# EXERCISE DETAILS
No line before the one holding "Image 1 : 1804" is to be copied; that line and all after it, through the end of the listing, are returned exactly, minus pictures.

# INPUT DATA
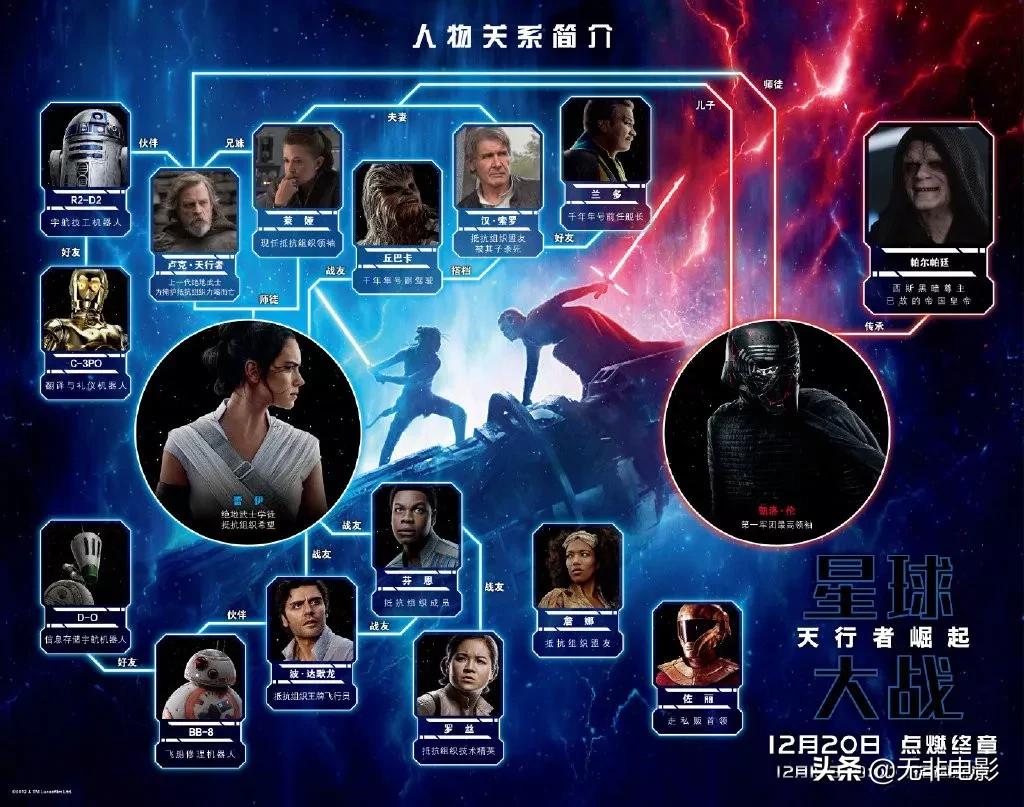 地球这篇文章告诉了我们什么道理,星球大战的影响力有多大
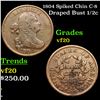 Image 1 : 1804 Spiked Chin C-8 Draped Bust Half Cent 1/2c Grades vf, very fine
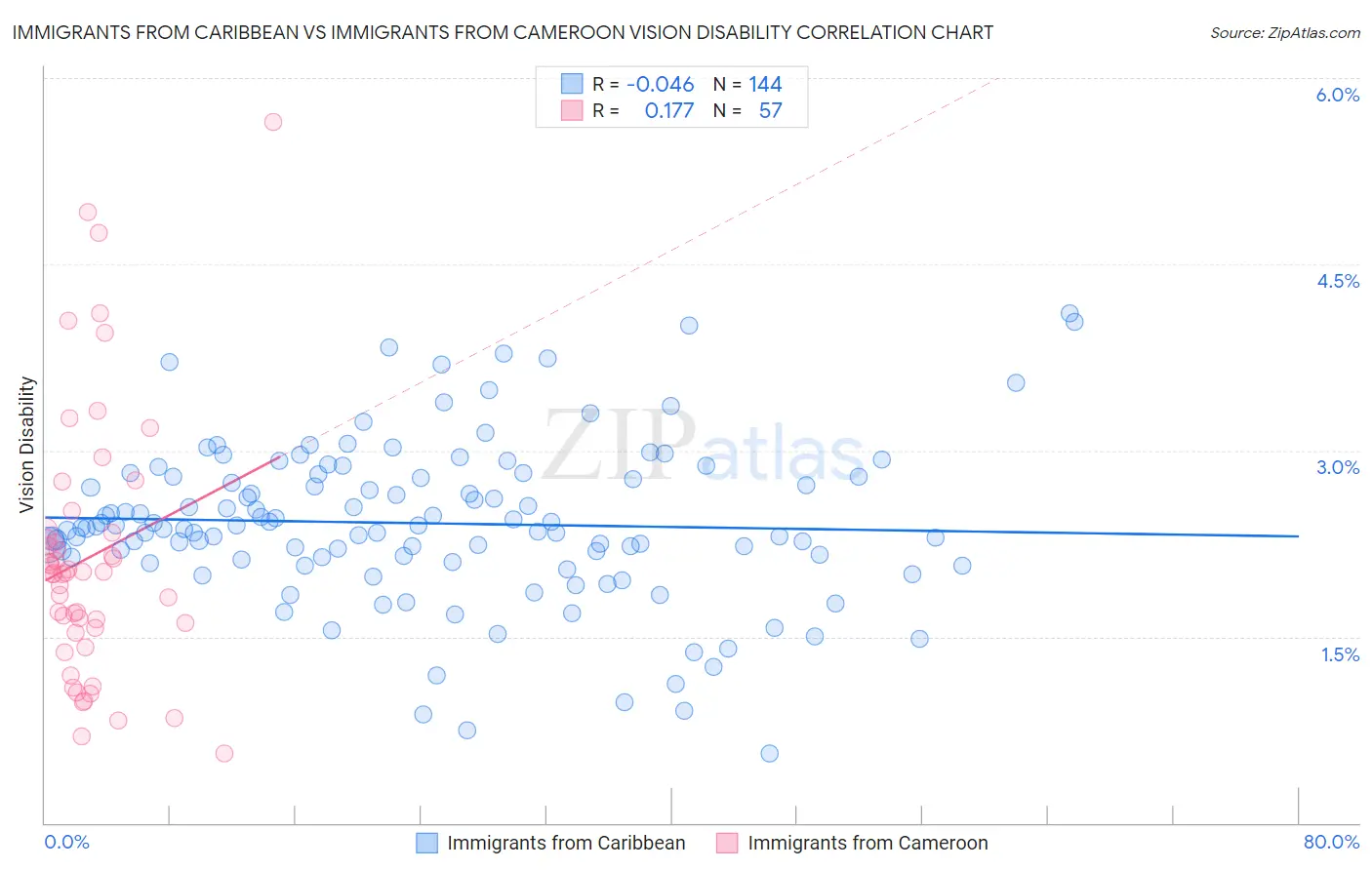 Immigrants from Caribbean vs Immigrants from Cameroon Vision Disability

# PROBLEM SOLUTION
 Image 1 : 1804 Spiked Chin C-8 Draped Bust Half Cent 1/2c Grades vf, very fine
 Immigrants from Caribbean vs Immigrants from Cameroon Vision Disability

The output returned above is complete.